Atasi Keterbatasan Lahan Pertanian di Perkotaan, Dr Gede Sedana sebut Solusinya "Urban Farming&#
Selasa, 10 September 2019
Baliberkarya
IKUTI BALIBERKARYA.COM LAINNYA DI
GOOGLE NEWS
Baliberkarya.com-Denpasar. Alih fungsi lahan pertanian khususnya di wilayah perkotaan di Bali semakin menyempit. Meski begitu, masyarakat dan petani di Bali masih bisa melakukan kegiatan pertanian melalui pola "urban farming" yang memang jawaban atas keterbatasan lahan pertanian dengan menanam tanaman jangka pendek.
Pendapat tersebut disampaikan Rektor Universitas Dwijendra Dr Ir Gede Sedana, M.Sc., MMA usai yudisium ke-31 Fakultas Pertanian Universitas Dwijendra pada Senin malam (9/9/2019).
Menurut Dr. Gede Sedana, alih fungsi lahan khususnya di wilayah perkotaan tak mungkin dihentikan. Namun bukan berarti warga maupun petani tak bisa mengembangkan sektor pertanian di lahan yang relatif terbatas ini.
"Petani dan warga kota bisa kembangkan tanaman yang berumur pendek namun memiliki nilai jual tinggi seperti komoditi hortikultura," ucapnya.
Dr. Gede Sedana mengakui dengan lahan sempit dan ketersediaan air yang terbatas memang tak mungkin dikembangkan tanaman padi dimana secara ekonomis hal itu juga kurang menguntungkan. Namun melalui “Urban Farming” pada lahan terbatas petani termasuk warga kota bisa bertanam sayuran dan produk lainnya yang bernilai ekonomi tinggi.
Ket Foto: Rektor Universitas Dwijendra Dr Ir Gede Sedana, M.Sc., MMA
"Di kota dengan lahan terbatas kita bisa tanam sayuran dan sejenisnya yang dalam waktu hanya beberapa minggu bisa dipanen. Ini hasilnya cukup bagus," terang jebolan Fakultas Pertanian Unud ini.

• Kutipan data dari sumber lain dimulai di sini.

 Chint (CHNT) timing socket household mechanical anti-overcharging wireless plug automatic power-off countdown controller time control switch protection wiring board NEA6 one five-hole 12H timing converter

Urban farming merupakan konsep memindahkan pertanian konvensional ke pertanian perkotaan. Pertanian konvensional lebih berorientasi pada hasil produksi, sedangkan urban farming lebih pada karakter pelakunya yakni masyarakat urban. Di sisi lain, Dr. Gede Sedana mengakui makin banyaknya sarjana pertanian bisa membantu memberi semacam advokasi kepada petani agar pertanian bisa terus berkembang.
Lebih jauh Dr. Gede Sedana menjelaskan bahwa pada intinya petani hanya membutuhkan produksi dan harga yang memadai atas usaha mereka. Disinilah peran sarjana pertanian memberikan saran dan masukan termasuk juga kepada pemerintah agar bisa membantu menjaga harga pasar.
"Mereka bisa memproduksi dan menjembatani hasil petani ke pengusaha atau ke pengolahan. Jadi banyak peluang yang bisa dikerjakan selain di bidang advokasi," jelas Dr. Gede Sedana.
Terkait kesiapan sarjana membuka lapangan kerja, bukan sebagai “job seeker”, Rektor asal Buleleng ini mengatakan sebenarnya sejak mahasiswa, pihaknya telah memberikan materi bisnis inklusif, kewirausahaan yang tujuannya agar setelah tamat bisa membuka lapangan kerja.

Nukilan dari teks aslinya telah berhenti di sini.